Auch in Zolder können die BMWs nicht vom neuen Gewichtsreglement profitieren und scheiden mit Defekten aus. Nutznießer ist wieder Klaus Ludwig, während der »Wikinger« Per Stureson trotz 100 Extrakilo an Bord als Dritter seine Meisterschafts-Chancen wahrt. Das Saisonfinale auf dem Nürburgring wird zum reinsten Krimi: Hobby-Rennfahrer Per Stureson reist wie immer auf eigener Achse vom schwedischen Malmö aus zum Rennen.
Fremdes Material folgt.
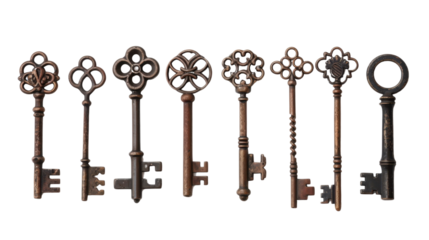 Row of nine ornate vintage keys on transparent background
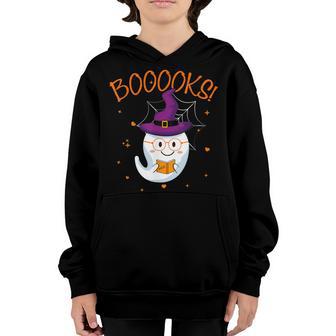Booooks Cute Ghost Reading Halloween Kids Women Men Teacher Youth Hoodie - Thegiftio UK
Trotz eines Ischias-Syndroms stellt er seinen Turbo-Volvo auf Platz 5 in der Startaufstellung – direkt neben Titelkonkurrent Olaf Manthey. Während »König« Ludwig vorne einem weiteren Sieg entgegenfährt, kollidiert Stureson mit Volker Strycek und fällt scheinbar hoffnungslos zurück. Doch der Schwede schlägt zurück, rettet am Ende acht Punkte Vorsprung ins Ziel und wird DPM-Meister 1985. Aufgrund des noch verhältnismäßig niedrigen Turbo-Faktors von 1,4 gewinnen in sieben von neun Rennen Turbo-Autos.